## Problem description
Using the material below, print the line that contains "Used 2023 MAZDA MAZDA3 s AWD/4WD image 4", the line that contains "Russia Rejects Trump’s", and every line in between, exactly and nothing else.

## Given information
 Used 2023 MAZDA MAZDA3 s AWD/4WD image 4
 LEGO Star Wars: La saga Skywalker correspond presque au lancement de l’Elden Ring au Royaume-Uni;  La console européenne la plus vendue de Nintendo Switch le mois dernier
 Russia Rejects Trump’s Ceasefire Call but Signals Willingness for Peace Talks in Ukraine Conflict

...

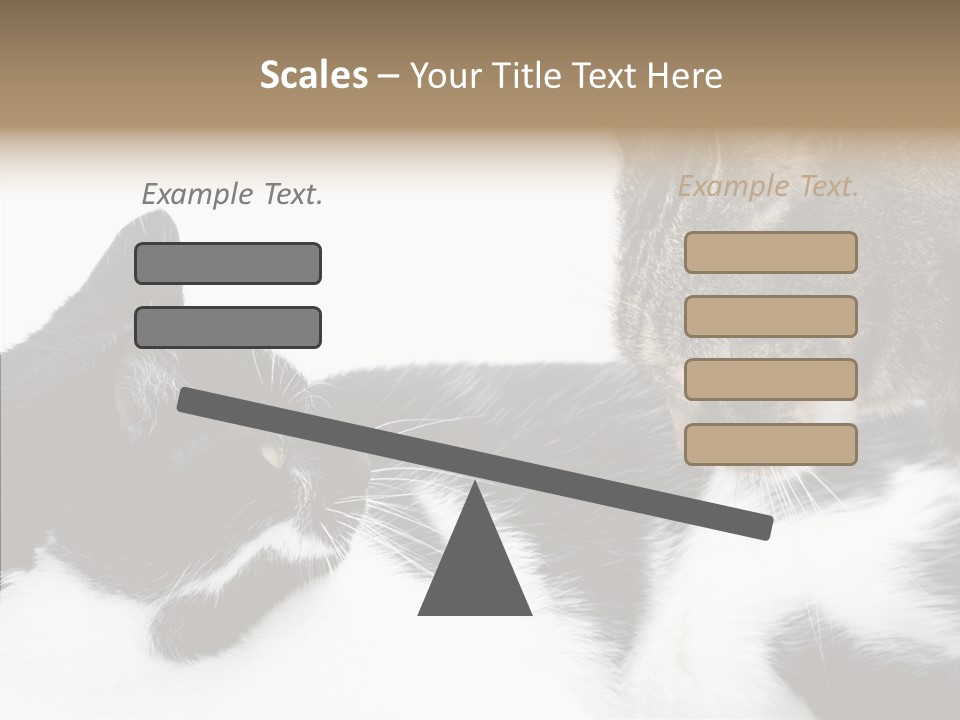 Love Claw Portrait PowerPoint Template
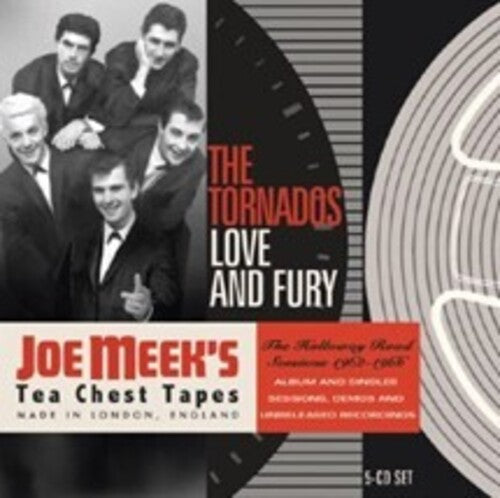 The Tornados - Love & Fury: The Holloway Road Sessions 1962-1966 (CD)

==

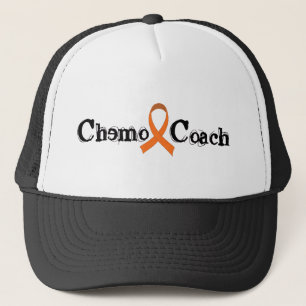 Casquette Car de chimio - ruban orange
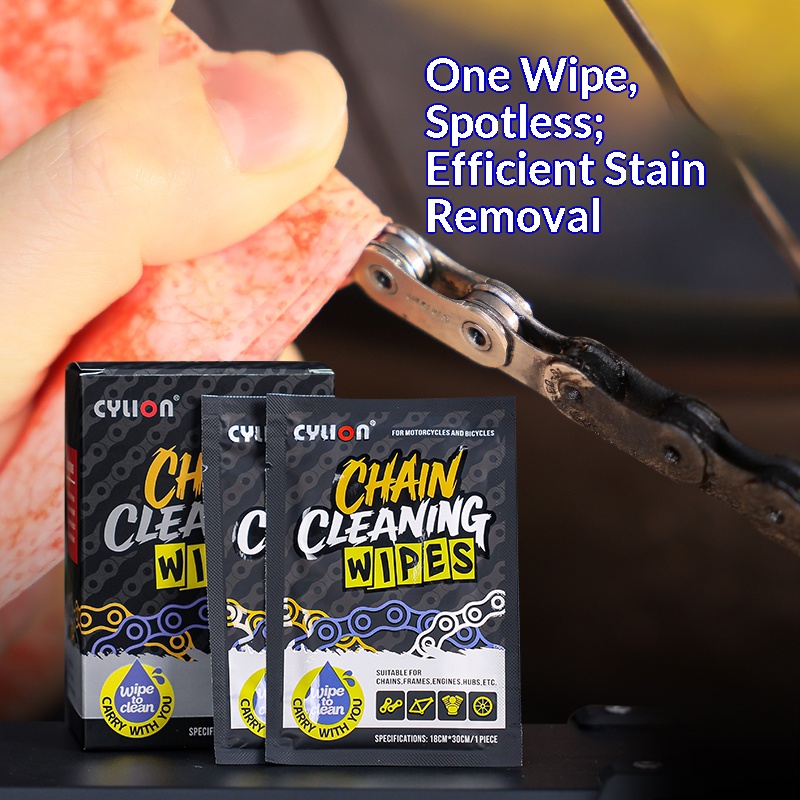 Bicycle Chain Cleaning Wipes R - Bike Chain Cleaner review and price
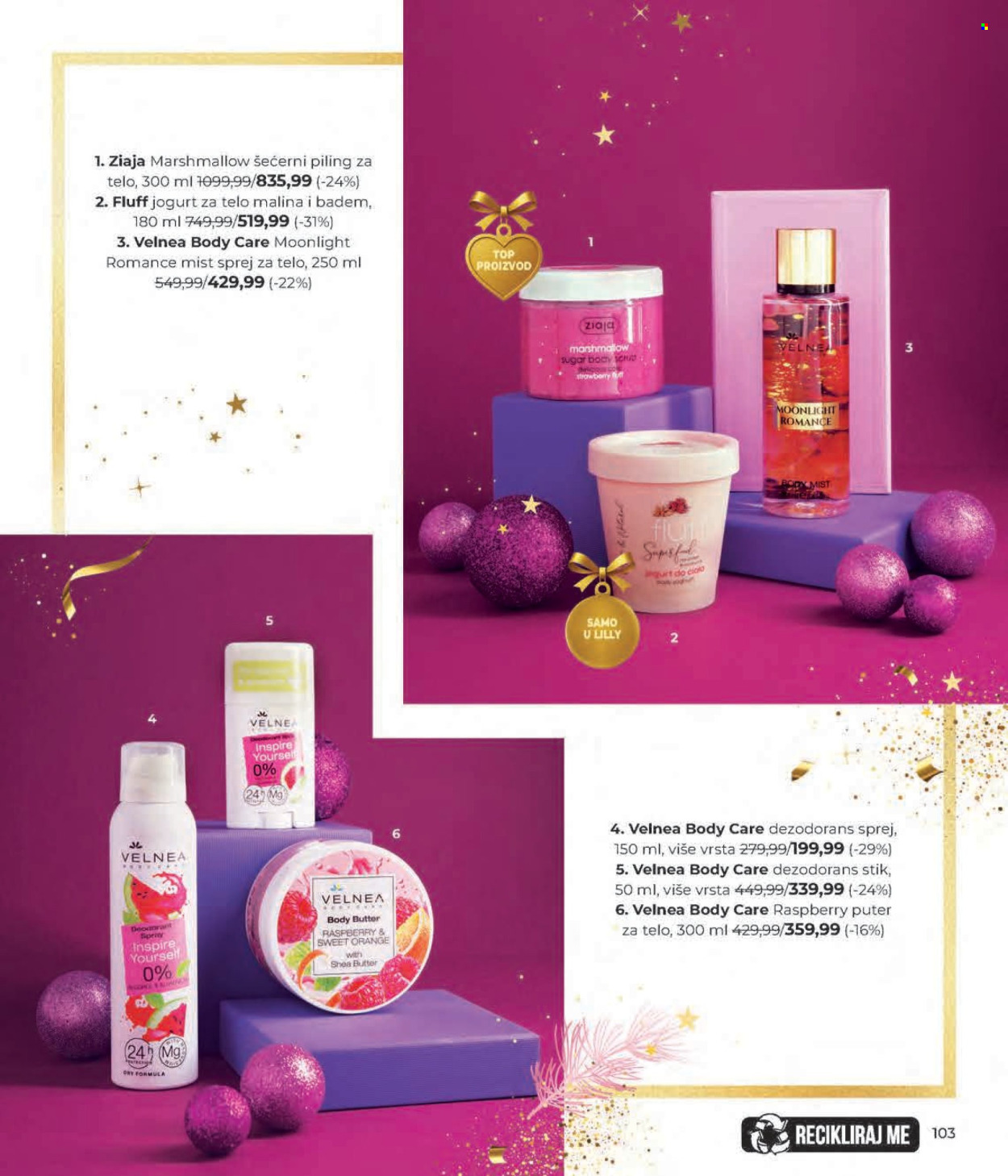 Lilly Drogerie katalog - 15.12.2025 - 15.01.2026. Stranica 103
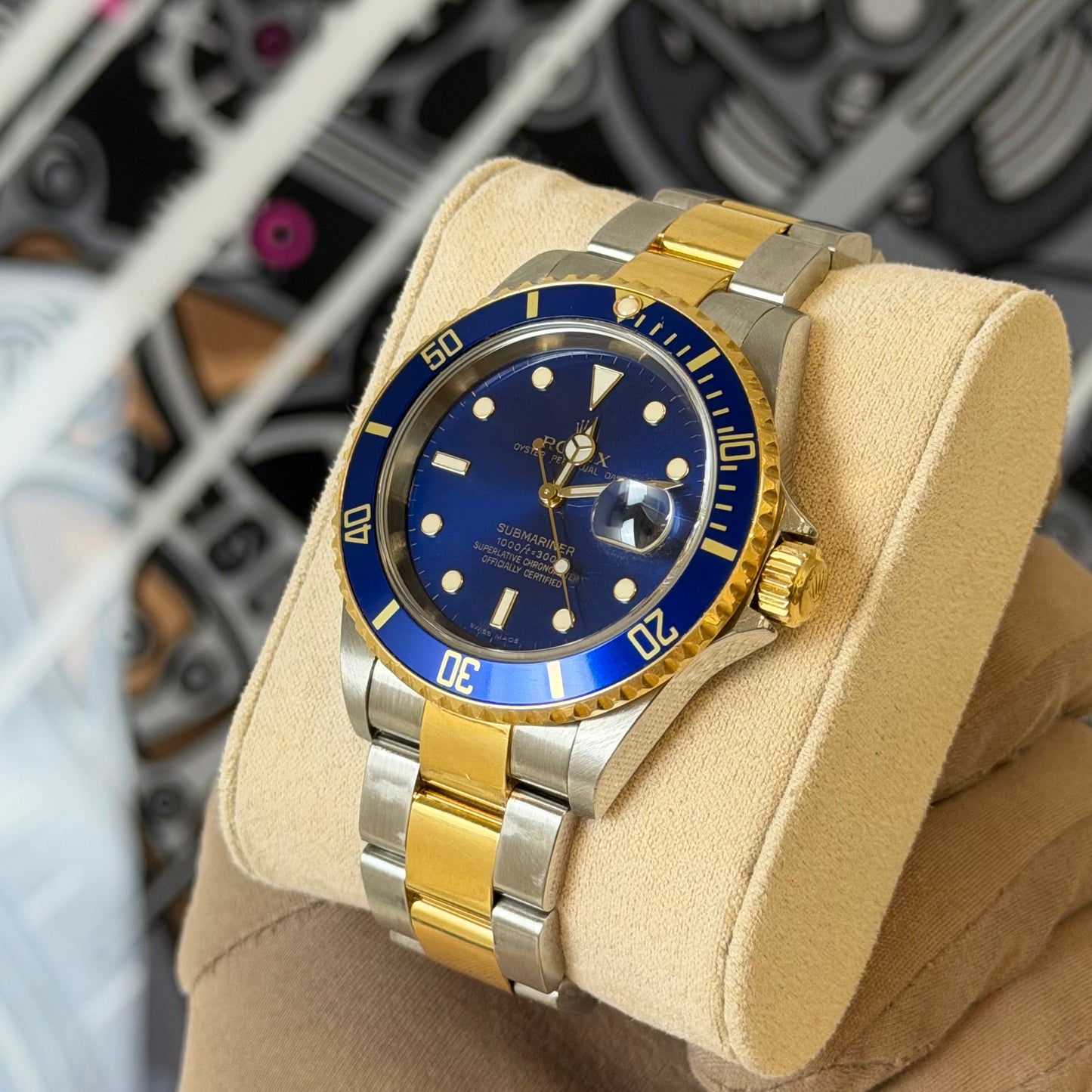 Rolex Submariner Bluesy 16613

## Problem solution
 Used 2023 MAZDA MAZDA3 s AWD/4WD image 4
 LEGO Star Wars: La saga Skywalker correspond presque au lancement de l’Elden Ring au Royaume-Uni;  La console européenne la plus vendue de Nintendo Switch le mois dernier
 Russia Rejects Trump’s Ceasefire Call but Signals Willingness for Peace Talks in Ukraine Conflict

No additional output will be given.